BEGIN

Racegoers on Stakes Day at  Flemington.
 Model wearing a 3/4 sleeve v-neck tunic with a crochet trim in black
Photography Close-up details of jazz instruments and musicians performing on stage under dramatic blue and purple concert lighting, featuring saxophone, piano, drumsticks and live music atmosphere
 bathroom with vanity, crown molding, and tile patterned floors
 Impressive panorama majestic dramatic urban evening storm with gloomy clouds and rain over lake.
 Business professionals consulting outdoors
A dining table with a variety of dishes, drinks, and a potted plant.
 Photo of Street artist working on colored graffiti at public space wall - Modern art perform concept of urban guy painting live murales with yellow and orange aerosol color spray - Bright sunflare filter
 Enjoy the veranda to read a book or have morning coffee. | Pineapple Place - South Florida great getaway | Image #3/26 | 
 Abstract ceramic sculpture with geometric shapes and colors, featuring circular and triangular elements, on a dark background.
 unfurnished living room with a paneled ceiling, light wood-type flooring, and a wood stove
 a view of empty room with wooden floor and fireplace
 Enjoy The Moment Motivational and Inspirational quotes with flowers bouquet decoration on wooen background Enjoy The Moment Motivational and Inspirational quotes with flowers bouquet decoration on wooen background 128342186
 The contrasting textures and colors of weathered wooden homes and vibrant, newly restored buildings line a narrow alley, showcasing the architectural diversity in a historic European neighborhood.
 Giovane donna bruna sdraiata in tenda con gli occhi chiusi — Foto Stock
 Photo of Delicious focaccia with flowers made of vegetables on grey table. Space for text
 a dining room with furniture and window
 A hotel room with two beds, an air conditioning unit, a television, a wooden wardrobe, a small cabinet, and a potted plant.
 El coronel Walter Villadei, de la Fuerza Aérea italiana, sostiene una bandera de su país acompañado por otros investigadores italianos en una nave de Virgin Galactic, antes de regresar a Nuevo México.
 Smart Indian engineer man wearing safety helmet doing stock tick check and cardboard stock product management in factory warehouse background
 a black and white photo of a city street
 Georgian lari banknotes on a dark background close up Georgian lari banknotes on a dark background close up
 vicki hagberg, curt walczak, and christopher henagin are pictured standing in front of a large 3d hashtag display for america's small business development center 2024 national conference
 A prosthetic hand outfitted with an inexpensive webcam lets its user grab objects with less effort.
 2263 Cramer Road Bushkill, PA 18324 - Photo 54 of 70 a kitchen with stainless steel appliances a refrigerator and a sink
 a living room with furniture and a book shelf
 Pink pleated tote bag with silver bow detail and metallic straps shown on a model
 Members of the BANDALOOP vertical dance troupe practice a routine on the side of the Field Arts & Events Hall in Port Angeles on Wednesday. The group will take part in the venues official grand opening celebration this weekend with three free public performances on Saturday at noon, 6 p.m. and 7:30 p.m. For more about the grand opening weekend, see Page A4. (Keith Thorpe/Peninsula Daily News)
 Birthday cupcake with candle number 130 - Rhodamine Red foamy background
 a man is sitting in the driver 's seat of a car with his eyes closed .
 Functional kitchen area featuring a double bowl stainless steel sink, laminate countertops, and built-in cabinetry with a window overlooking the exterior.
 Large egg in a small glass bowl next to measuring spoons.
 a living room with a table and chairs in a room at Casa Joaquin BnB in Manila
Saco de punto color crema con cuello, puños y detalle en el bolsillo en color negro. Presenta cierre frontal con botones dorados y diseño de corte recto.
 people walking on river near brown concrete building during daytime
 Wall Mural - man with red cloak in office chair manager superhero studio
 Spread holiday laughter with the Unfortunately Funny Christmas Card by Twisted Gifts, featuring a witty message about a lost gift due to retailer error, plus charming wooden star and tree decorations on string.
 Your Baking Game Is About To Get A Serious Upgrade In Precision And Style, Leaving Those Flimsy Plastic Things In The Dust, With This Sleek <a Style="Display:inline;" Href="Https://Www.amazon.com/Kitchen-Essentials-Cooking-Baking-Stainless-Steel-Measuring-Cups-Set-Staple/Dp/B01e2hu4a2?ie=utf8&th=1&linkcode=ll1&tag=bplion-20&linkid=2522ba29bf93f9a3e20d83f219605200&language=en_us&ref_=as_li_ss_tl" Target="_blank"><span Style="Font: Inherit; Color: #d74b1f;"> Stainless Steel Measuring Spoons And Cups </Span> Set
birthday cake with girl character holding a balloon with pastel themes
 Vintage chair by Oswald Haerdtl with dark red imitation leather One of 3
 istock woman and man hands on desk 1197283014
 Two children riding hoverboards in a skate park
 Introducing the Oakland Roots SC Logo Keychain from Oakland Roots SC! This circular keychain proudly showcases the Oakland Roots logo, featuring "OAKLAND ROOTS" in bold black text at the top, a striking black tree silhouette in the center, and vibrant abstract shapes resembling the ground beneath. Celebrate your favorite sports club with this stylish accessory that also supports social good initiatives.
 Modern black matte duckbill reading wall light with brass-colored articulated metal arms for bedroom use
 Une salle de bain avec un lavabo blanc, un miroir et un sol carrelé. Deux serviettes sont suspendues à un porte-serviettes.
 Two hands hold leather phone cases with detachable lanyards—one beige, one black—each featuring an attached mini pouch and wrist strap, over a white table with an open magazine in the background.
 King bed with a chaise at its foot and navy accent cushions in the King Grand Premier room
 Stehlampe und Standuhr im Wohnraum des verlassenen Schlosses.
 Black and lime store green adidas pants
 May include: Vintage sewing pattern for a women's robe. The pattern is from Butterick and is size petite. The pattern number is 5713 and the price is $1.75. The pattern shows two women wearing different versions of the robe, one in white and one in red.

END

WHAT IS NEEDED |
Write the records above out again precisely.

YOUR RESPONSE |
Racegoers on Stakes Day at  Flemington.
 Model wearing a 3/4 sleeve v-neck tunic with a crochet trim in black
Photography Close-up details of jazz instruments and musicians performing on stage under dramatic blue and purple concert lighting, featuring saxophone, piano, drumsticks and live music atmosphere
 bathroom with vanity, crown molding, and tile patterned floors
 Impressive panorama majestic dramatic urban evening storm with gloomy clouds and rain over lake.
 Business professionals consulting outdoors
A dining table with a variety of dishes, drinks, and a potted plant.
 Photo of Street artist working on colored graffiti at public space wall - Modern art perform concept of urban guy painting live murales with yellow and orange aerosol color spray - Bright sunflare filter
 Enjoy the veranda to read a book or have morning coffee. | Pineapple Place - South Florida great getaway | Image #3/26 | 
 Abstract ceramic sculpture with geometric shapes and colors, featuring circular and triangular elements, on a dark background.
 unfurnished living room with a paneled ceiling, light wood-type flooring, and a wood stove
 a view of empty room with wooden floor and fireplace
 Enjoy The Moment Motivational and Inspirational quotes with flowers bouquet decoration on wooen background Enjoy The Moment Motivational and Inspirational quotes with flowers bouquet decoration on wooen background 128342186
 The contrasting textures and colors of weathered wooden homes and vibrant, newly restored buildings line a narrow alley, showcasing the architectural diversity in a historic European neighborhood.
 Giovane donna bruna sdraiata in tenda con gli occhi chiusi — Foto Stock
 Photo of Delicious focaccia with flowers made of vegetables on grey table. Space for text
 a dining room with furniture and window
 A hotel room with two beds, an air conditioning unit, a television, a wooden wardrobe, a small cabinet, and a potted plant.
 El coronel Walter Villadei, de la Fuerza Aérea italiana, sostiene una bandera de su país acompañado por otros investigadores italianos en una nave de Virgin Galactic, antes de regresar a Nuevo México.
 Smart Indian engineer man wearing safety helmet doing stock tick check and cardboard stock product management in factory warehouse background
 a black and white photo of a city street
 Georgian lari banknotes on a dark background close up Georgian lari banknotes on a dark background close up
 vicki hagberg, curt walczak, and christopher henagin are pictured standing in front of a large 3d hashtag display for america's small business development center 2024 national conference
 A prosthetic hand outfitted with an inexpensive webcam lets its user grab objects with less effort.
 2263 Cramer Road Bushkill, PA 18324 - Photo 54 of 70 a kitchen with stainless steel appliances a refrigerator and a sink
 a living room with furniture and a book shelf
 Pink pleated tote bag with silver bow detail and metallic straps shown on a model
 Members of the BANDALOOP vertical dance troupe practice a routine on the side of the Field Arts & Events Hall in Port Angeles on Wednesday. The group will take part in the venues official grand opening celebration this weekend with three free public performances on Saturday at noon, 6 p.m. and 7:30 p.m. For more about the grand opening weekend, see Page A4. (Keith Thorpe/Peninsula Daily News)
 Birthday cupcake with candle number 130 - Rhodamine Red foamy background
 a man is sitting in the driver 's seat of a car with his eyes closed .
 Functional kitchen area featuring a double bowl stainless steel sink, laminate countertops, and built-in cabinetry with a window overlooking the exterior.
 Large egg in a small glass bowl next to measuring spoons.
 a living room with a table and chairs in a room at Casa Joaquin BnB in Manila
Saco de punto color crema con cuello, puños y detalle en el bolsillo en color negro. Presenta cierre frontal con botones dorados y diseño de corte recto.
 people walking on river near brown concrete building during daytime
 Wall Mural - man with red cloak in office chair manager superhero studio
 Spread holiday laughter with the Unfortunately Funny Christmas Card by Twisted Gifts, featuring a witty message about a lost gift due to retailer error, plus charming wooden star and tree decorations on string.
 Your Baking Game Is About To Get A Serious Upgrade In Precision And Style, Leaving Those Flimsy Plastic Things In The Dust, With This Sleek <a Style="Display:inline;" Href="Https://Www.amazon.com/Kitchen-Essentials-Cooking-Baking-Stainless-Steel-Measuring-Cups-Set-Staple/Dp/B01e2hu4a2?ie=utf8&th=1&linkcode=ll1&tag=bplion-20&linkid=2522ba29bf93f9a3e20d83f219605200&language=en_us&ref_=as_li_ss_tl" Target="_blank"><span Style="Font: Inherit; Color: #d74b1f;"> Stainless Steel Measuring Spoons And Cups </Span> Set
birthday cake with girl character holding a balloon with pastel themes
 Vintage chair by Oswald Haerdtl with dark red imitation leather One of 3
 istock woman and man hands on desk 1197283014
 Two children riding hoverboards in a skate park
 Introducing the Oakland Roots SC Logo Keychain from Oakland Roots SC! This circular keychain proudly showcases the Oakland Roots logo, featuring "OAKLAND ROOTS" in bold black text at the top, a striking black tree silhouette in the center, and vibrant abstract shapes resembling the ground beneath. Celebrate your favorite sports club with this stylish accessory that also supports social good initiatives.
 Modern black matte duckbill reading wall light with brass-colored articulated metal arms for bedroom use
 Une salle de bain avec un lavabo blanc, un miroir et un sol carrelé. Deux serviettes sont suspendues à un porte-serviettes.
 Two hands hold leather phone cases with detachable lanyards—one beige, one black—each featuring an attached mini pouch and wrist strap, over a white table with an open magazine in the background.
 King bed with a chaise at its foot and navy accent cushions in the King Grand Premier room
 Stehlampe und Standuhr im Wohnraum des verlassenen Schlosses.
 Black and lime store green adidas pants
 May include: Vintage sewing pattern for a women's robe. The pattern is from Butterick and is size petite. The pattern number is 5713 and the price is $1.75. The pattern shows two women wearing different versions of the robe, one in white and one in red.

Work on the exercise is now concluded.